I also did some additional reading over the weekend – it was kind of a bad weekend for reasons I’m not really sure about. You can read the whole thing here, but it was basically the whole Third-Culture Kid (TCK) thing – where I’ve been for the last 36 years. Here is the troubling quote:
“The answer to the question of how long it takes them [TCKs] to adjust to American life is: they never adjust. They adapt, they find niches, they take risks, they fail and pick themselves up again. They succeed in jobs they have created to fit their particular talents, they locate friends with whom they can share some of their interests, but they resist being encapsulated. Their camouflaged exteriors and understated ways of presenting themselves hide the rich inner lives, remarkable talents, and often strongly held contradictory opinions on the world at large and the world at hand.” [Emphasis added].

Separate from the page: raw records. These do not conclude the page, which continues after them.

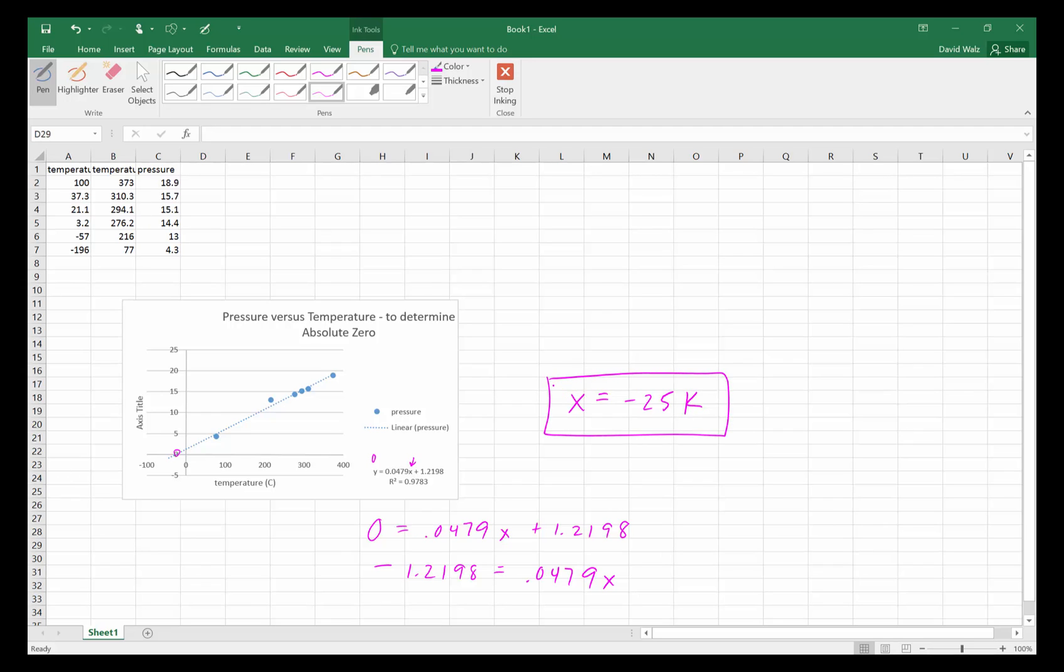That's how to do it on Excel, and I'll post a second video to show on Google Sheets.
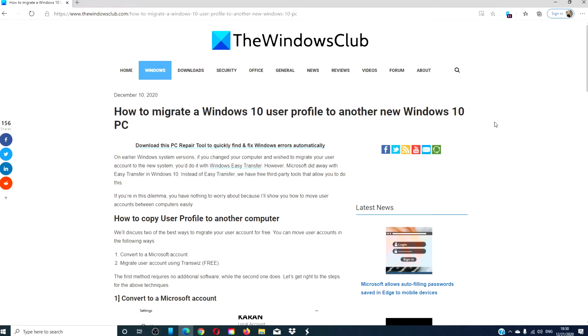Hello, Windows Universe! In this video, we're going to look at how you can migrate a Windows 10 user profile to another Windows 10 PC. For a more in-depth look at the topic, we will link an article in the description down below.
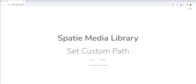Hello friends, welcome to my channel. We will learn Spatie installation and configuration from the previous Spatie tutorial. Today we will learn how to set up a custom path, meaning how to store images in a specific directory.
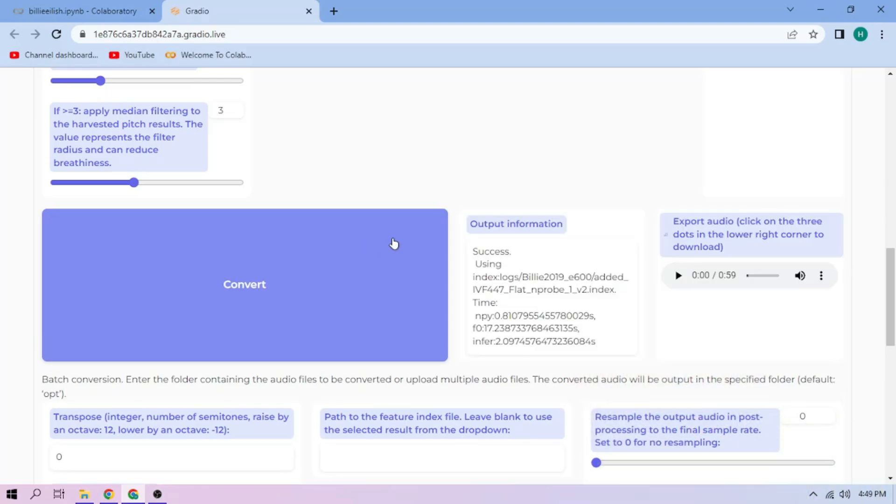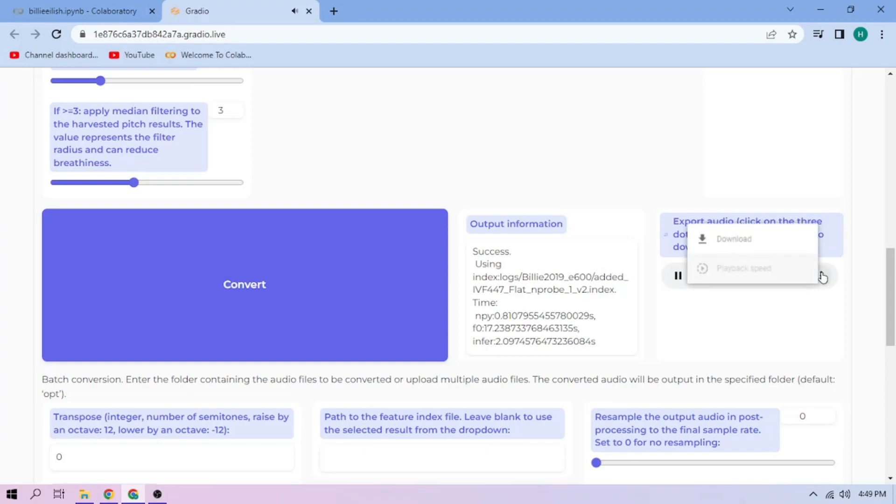Here, we can play our cover audio. To download the audio, click the three dot mark and download.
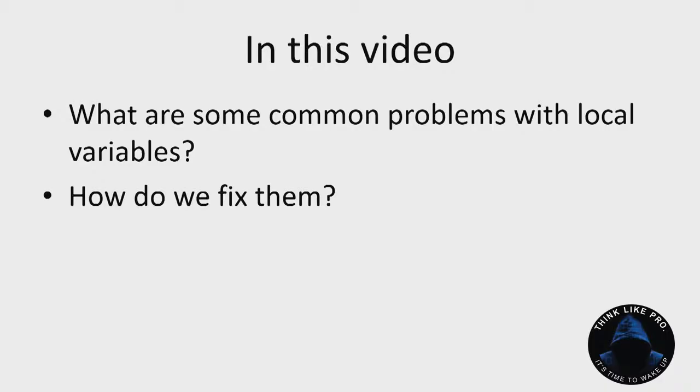We are going to look at what are some common problems with local variables and the ways that you fix them.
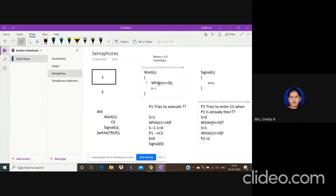Once we know P2 is not allowed in, we send it to the PCB and save it there until the critical section is available. When the critical section is free, we bring P2 from the blocked state back to the ready state. In simple terms: when the critical section is not available, put P2 to sleep; when it becomes available, wake P2 up. This sleep-and-wake mechanism is also implemented in code.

When you think about what we know (and don’t know) about this president, one thing we do know is that he was (is) a TCK – that leads to some serious questions about someone who is in essence a stealth president who is oriented toward camouflaging his true nature and hiding his “often strongly held contradictory opinions on the world at large and the world at hand.”
Before anyone takes me to task about being so against Obama, I had many of the same reservations about John McCain, who was born in Panama to (I think) military parents. His life seems to be much better documented, so there was more verifiable history on him than on Obama, but I had some of the same reservations, namely that he seems to be able to present whatever persona is required to allow him to fit in and succeed. All of us do that to some extent, and I know that with my own background, that is something I have to watch for.
But there is a different between a lack of practice or skill in being authentic and actively trying to keep one’s true nature and beliefs hidden from others.
Anyway, something to watch for in the coming months, I suspect.